Perhaps, though that has helped ensure press independence as a powerful force for official accountability. But shouldn’t sources also have independent standing as players indispensable to the news and deserving of constitutional protection? Can you have a free press without sources? Isn’t the process of news-gathering dependent not just on the skill and tenacity of reporters, but also on the willingness of sources to step forward, sometimes at great risk, and tell what they know?
Ms. Manning, the former Army intelligence analyst who was Mr. Assange’s source for the 2010 disclosures, is back behind bars — after serving nearly seven years for espionage for leaking secrets to WikiLeaks — for refusing to incriminate Mr. Assange in the squirrelly case the government is trying to assemble. The former National Security Agency contractor Edward Snowden, under indictment since 2013, remains exiled in Russia for exposing domestic surveillance that was later ruled illegal by federal courts, as Mr. Snowden himself believed. That’s not to mention Thomas Drake, Shamai Leibowitz, John Kiriakou, Stephen Kim, Jeffrey Sterling and, most recently, Reality Winner. All of them were informants who sought not to peddle secrets to the country’s enemies but to share information with the public about things they believed we needed to know. All were prosecuted, nearly all were jailed. The wrongs they sought to expose were not trivial.
The permissibility of secrecy violations should depend, in the final analysis, on a judgment as to whether the leaks made things better or worse. The public-benefit defense, which whistle-blowers can offer in many countries, is forbidden in ours. That should change. Yes, letting leakers use it may induce people to do foolish things in the poorly based hope they’ll be redeemed by a future consequence they cannot know. But it also offers a powerful promise: that ultimately the wisdom of the disclosure, even if illegal, will be reviewed by a dispassionate tribunal that will do what judges are supposed to do — make a judgment. Was the secrecy warranted? Was wrongdoing properly exposed? Did disclosure leave the public well served?

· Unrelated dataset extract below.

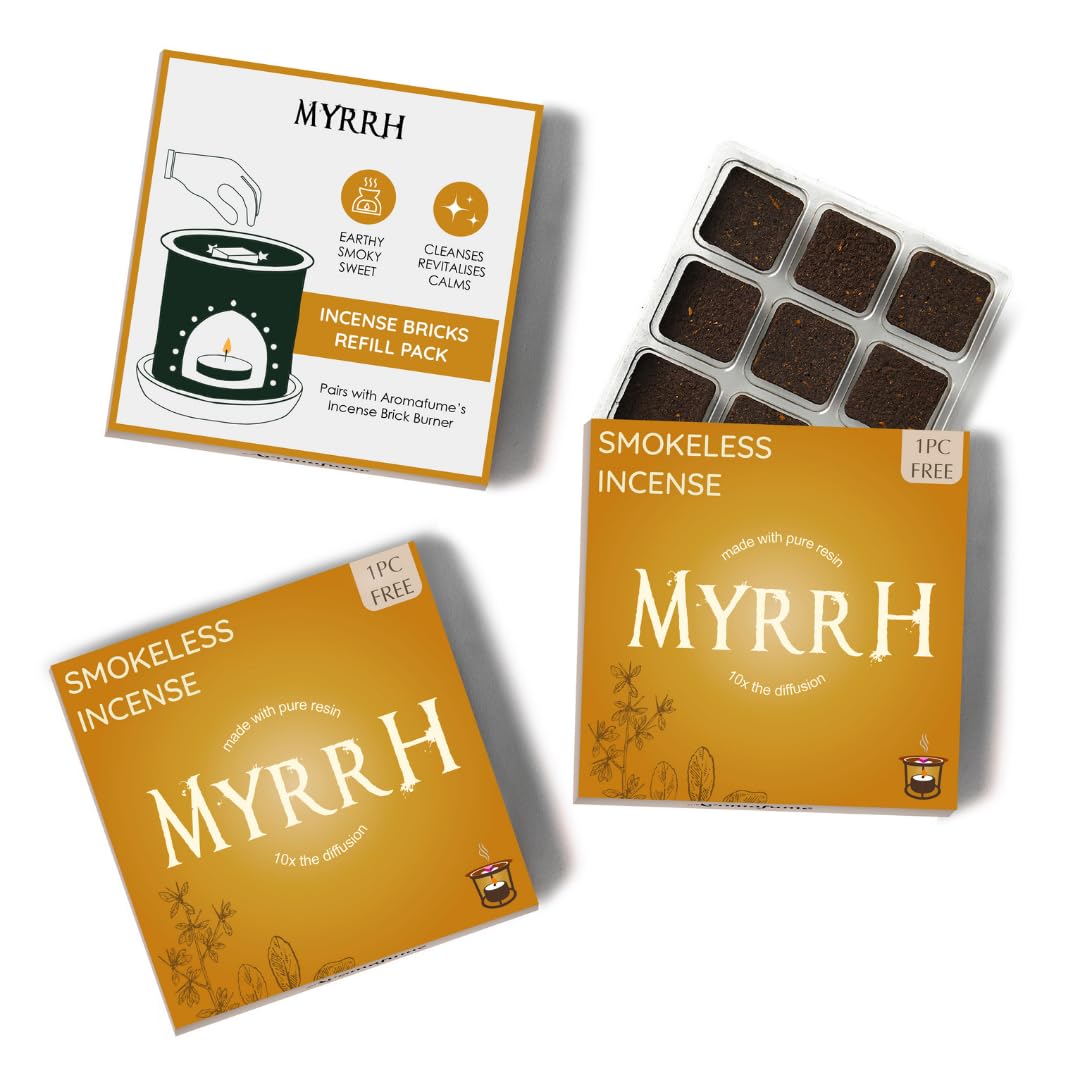 Commiphora Resin Incense Bricks Refill Pack by Aromafume | 3 Trays x 9 bricks | Commiphora tree, native to East Africa | Ideal for deep Spirituality, Enlightenment & Positivity | Low-Smoke & Non-Toxic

The media’s own de facto immunity from prosecution has been a great success historically, and no breach in that should be tolerated. Importantly, news organizations have responded to the freedom it ensures by following due-diligence practices that apply much the same logic described here — identify and minimize potential harms while serving the public’s right to be informed about matters of significance. Aren’t the media’s indispensable helpmates, their sources, entitled to some of that same deference?
Edward Wasserman is professor of journalism and dean of the Graduate School of Journalism at the University of California, Berkeley.
These issues should be much discussed by journalists– why aren’t they?
“These issues should be much discussed by journalists—why aren’t they?” Because you don’t become a journalist by discussing these issues—just ask “legendary” journalist, Lowell Bergman.